As auto lenders increasingly turn to technology like artificial intelligence to improve business practices, two senators are pressing regulators to ensure anti-discrimination laws keep up with the innovation.
Sen. Elizabeth Warren (D-Mass.) and Doug Jones (D-Ala.) sent a letter to the leaders of the Consumer Financial Protection Bureau, Federal Reserve, Office of the Comptroller of the Currency, and the Federal Deposit Insurance Corp. requesting answers to what the agencies are doing “to identify and combat lending discrimination by lenders who use algorithms for underwriting,” the letter notes.
To support their request, Warren and Jones presented research in the letter that examined whether differences between human and algorithmic decision-making would influence whether to issue loans and at what terms. The research found that “algorithmic lending” reduced the likelihood that the loan applications for borrowers of color are rejected, reducing discrimination in a lender’s decision-making process.

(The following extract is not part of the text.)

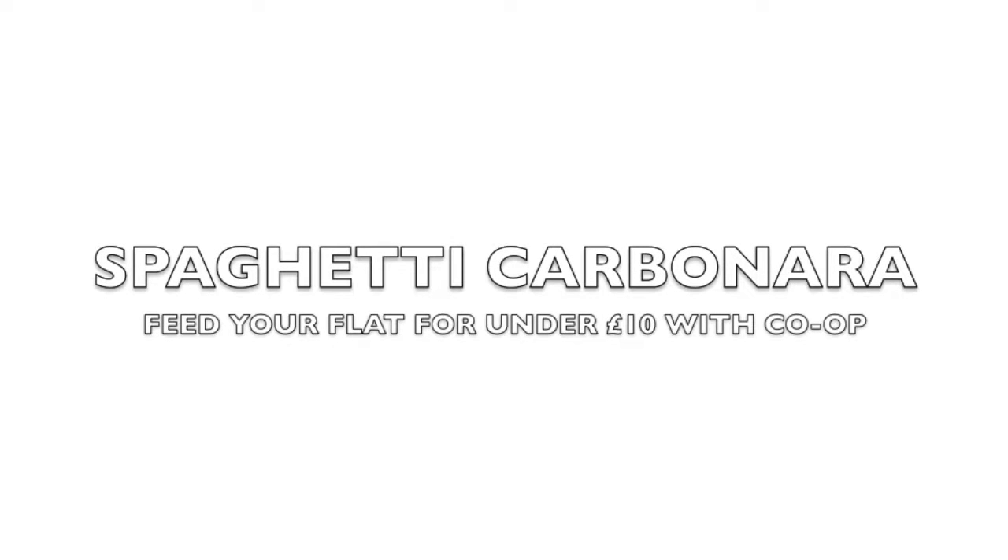Hi everyone, so today I'm cooking a spaghetti carbonara. Co-op have set me the challenge of feeding at least 3 friends for under £10, so I've chosen this easy recipe to cook my friends a good meal for £6.61 only.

Conversely, the research results also found lenders leveraging algorithms in underwriting charge minority borrowers “6 to 9 basis points higher interest rates” — which is almost identical to the interest rate premium that minority borrowers face with traditional underwriting — coming to the conclusion that the algorithms used by fintech lenders are “as discriminatory as loan officers,” the senators explained.
Auto financiers leveraging artificial intelligence in their operations include Tricolor Auto Acceptance, which integrated an AI algorithm into its underwriting model earlier this year. Though, the algorithm, which was tested for eight months before it launched, effectively “sits on top” of the current risk model, creating an additional layer of “cleaner segmentation,” Chief Executive Daniel Chu previously told AFN.
While the Senators are aware of the “opportunity of algorithmic underwriting’s potential to reduce discrimination,” the letter notes, one lender told AFN there is a shortcoming with the technology.
“Artificial intelligence can be discriminatory in terms of underwriting because it is difficult to prove how you came up with an answer — you can’t quantify what you are doing,” said Micky Watts, SVP at Anderson Brothers Bank.